Yep... On page 187, before describing the statements of the many witnesses, Dr. Aguilar claims "In sum, on the location of, if not the exact size of, the major portion of JFK's skull defect--right rearward--there is NO disagreement between the autopsy report and both the Dallas witnesses and the autopsy witnesses."

And, should one thnk this a typo, on page 197, after discussing a few of the Parkland witnesses who'd recently changed their story, he claims that the early accounts of these witnesses "were ONE with the reports of over 40 witnesses who saw JFK both at Parkland Hospital and in the morgue at Bethesda." (Emphasis added).

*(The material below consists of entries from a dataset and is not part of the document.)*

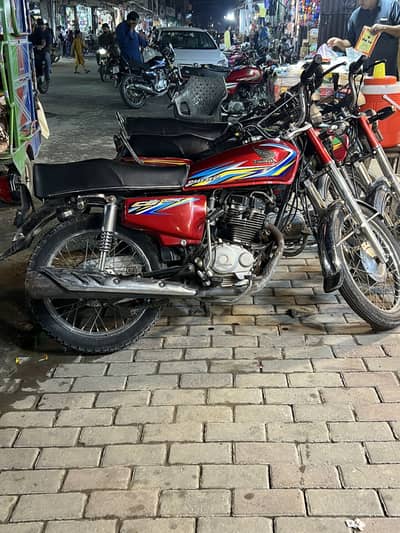 Honda CG 125  Pic old hy condition Bhoot Achi hy shokeen Bhaiyo k liya
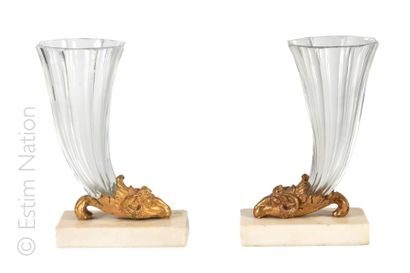 VASES EN CRISTAL ET BRONZE DORE Ensemble de deux vases en cristal biseauté en forme...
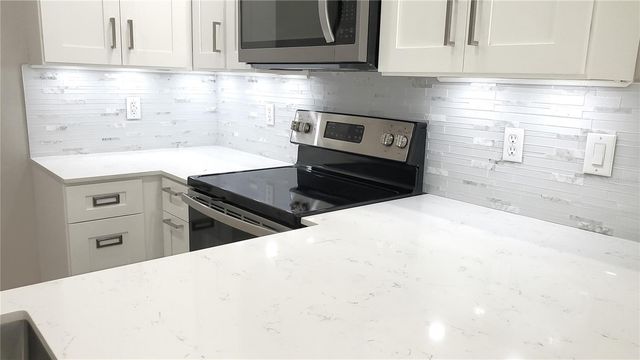 4535 WINDING RIVER WAY, Land O Lakes, FL 34639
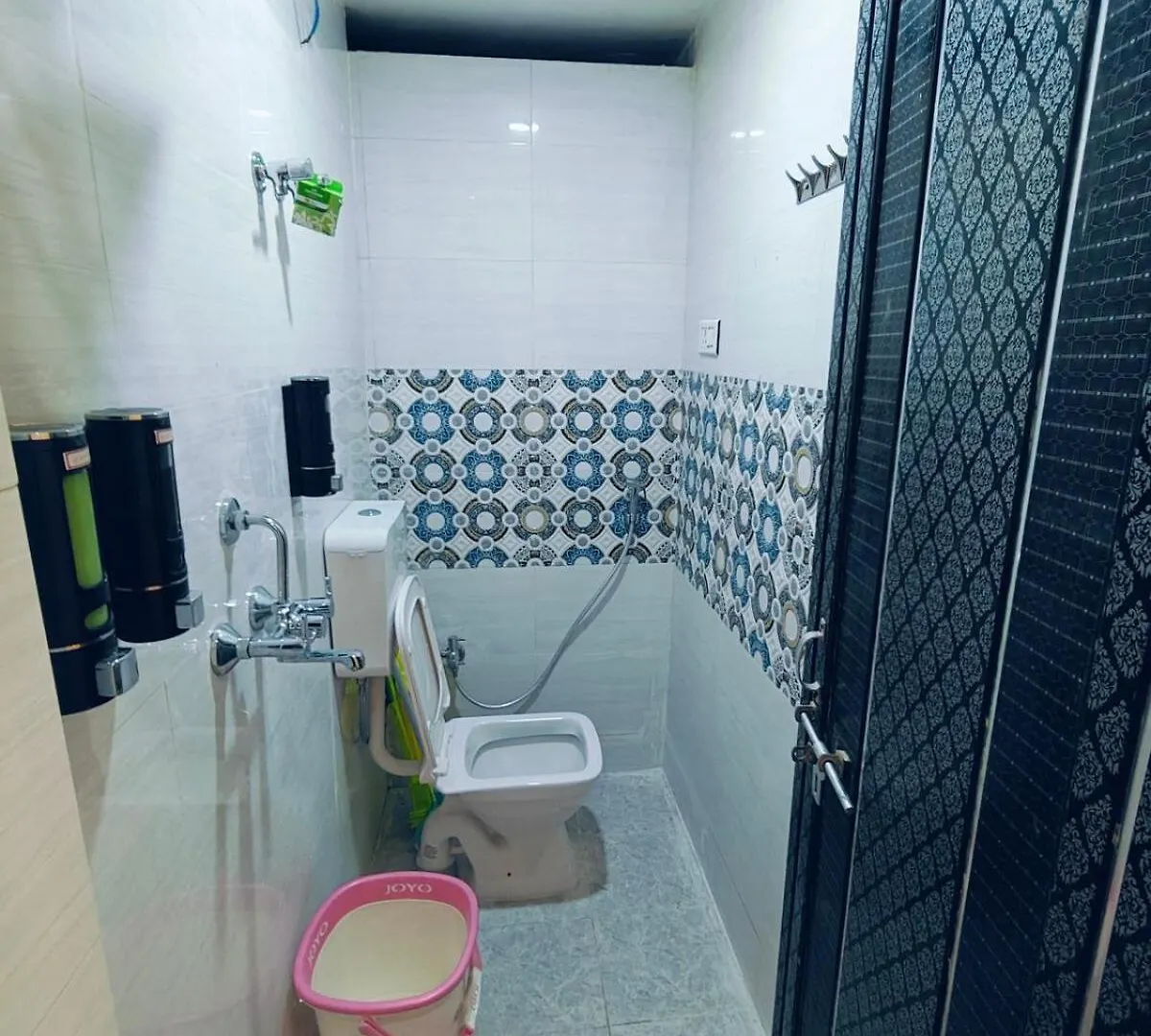 Anjani Home - 3Bhk Groundfloor Family Appartment Near Kashi Vishwanath Temple バラナシ アパート
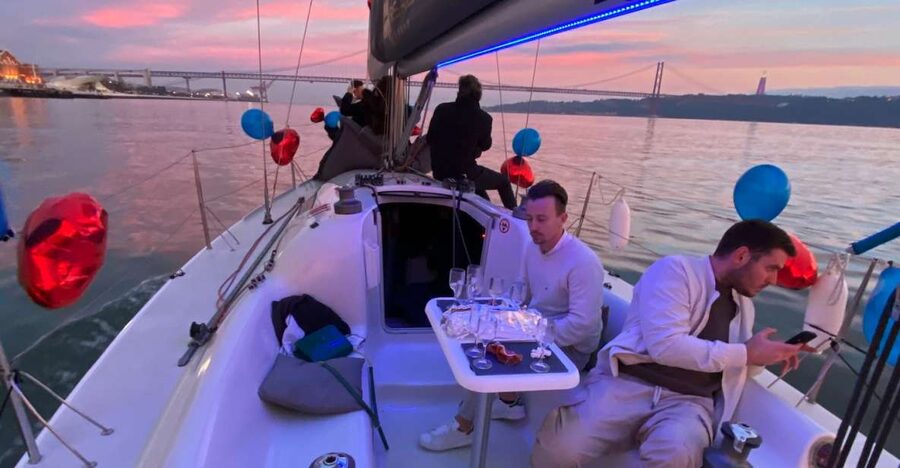 Lisbon: Sailboat Tour w/ Local Guide and Open Bar Green Wine - Key Things I’d Prioritize on This Lisbon Sail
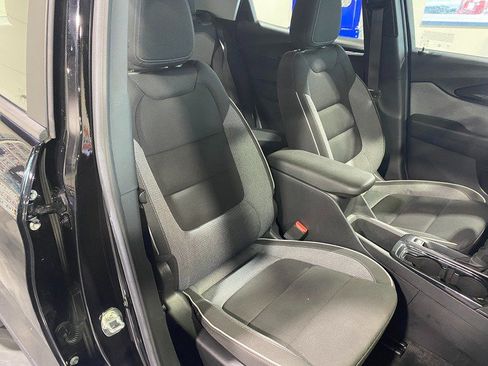 Used 2023 Chevrolet TrailBlazer LS FWD image 17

And yet this was all news to Fetzer, who ultimately undermined the authority of his book (and indirectly himself) by acknowledging Aguilar was mistaken.



Sleight of Hole?

Unfortunately, it appears that Groden is more than mistaken.

As discussed, in his best-selling and highly-influential book High Treason Groden held that the wound location depicted in the "McClelland" drawing "was verified by every doctor, nurse, and eyewitness as accurate," and that these witnesses described an "exit wound... almost squarely in the back of the head (the occiput)." Now, as we've seen, the photos in his subsequent book, The Killing of a President, prove this wasn't true.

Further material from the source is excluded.